Norway Oil Strike Rattles ETFs

July 13, 2012

The recent oil strike in Norway briefly sent crude prices higher as investors anticipated reduced output. It was also instructive for ETF investors.

The impact of the strike, which briefly sent crude prices $1.54 a barrel higher on Monday, also illustrated how equity ETFs can move in response to important macroeconomic concerns. The strike luckily ended on Tuesday.

Two ETFs—the Global X FTSE Norway ETF (NYSEArca: NORW) and the iShares MSCI Norway Capped Investable Market Index Fund (BATS: ENOR)—offer exposure to Norwegian stocks.

The funds, though small and lacking heavy trading activity, offered a window into the market’s reaction to a possible decline in Norwegian energy output.

To understand the movement in NORW and ENOR, you have to keep in mind that in Norway, a reduction in oil output is a big deal.

The country’s economy relies heavily on energy exports, with as much as 65 percent of its exports being oil and gas.
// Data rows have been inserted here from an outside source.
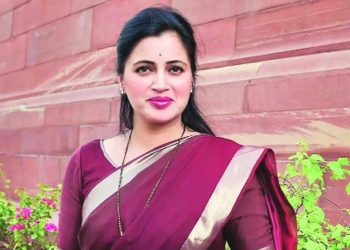 मोदींच्या हवेच्या फुग्यात कोणी राहू नका!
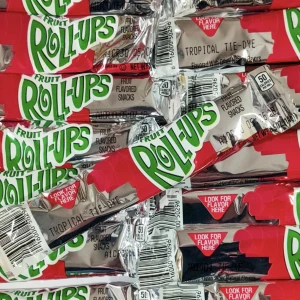 Fruit roll-ups!⭐️ - Dessa sjukt goda och trendiga fruit roll-ups! De är extra goda med glass i men kan ätas själva och fortfarande vara hur goda som helst! De smaker som finns är tropical tie dye och strawberry. Säljer styckvis för 10kr/st. Frakt är 12kr vid köp av 1-5st⭐️🌺🌴🍓
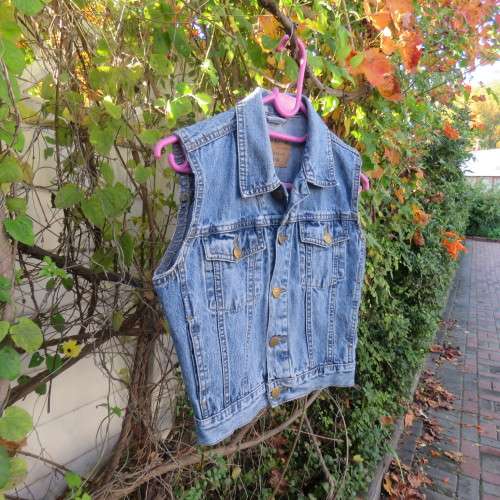 Best quality LIBERTA London sleeveless denim cotton jacket. Boy 10 to 12 yr old. Pockets galore.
A severe reduction in output would undoubtedly be a bearish signal for the economy there.

The markets responded accordingly to the strike, knocking more than 3 percent off of iShares’ ENOR and over 2 percent off of Global X’s NORW, before the funds rebounded somewhat Tuesday.

5-Day Returns of Two Norwegian ETFs: ENOR and NORW

5-Day Returns of ENOR & NORW

Norway’s energy output does have an impact globally as well, particularly in natural gas. As the possible strike loomed, the United States Natural Gas Fund (NYSEArca: UNG) gained throughout the week.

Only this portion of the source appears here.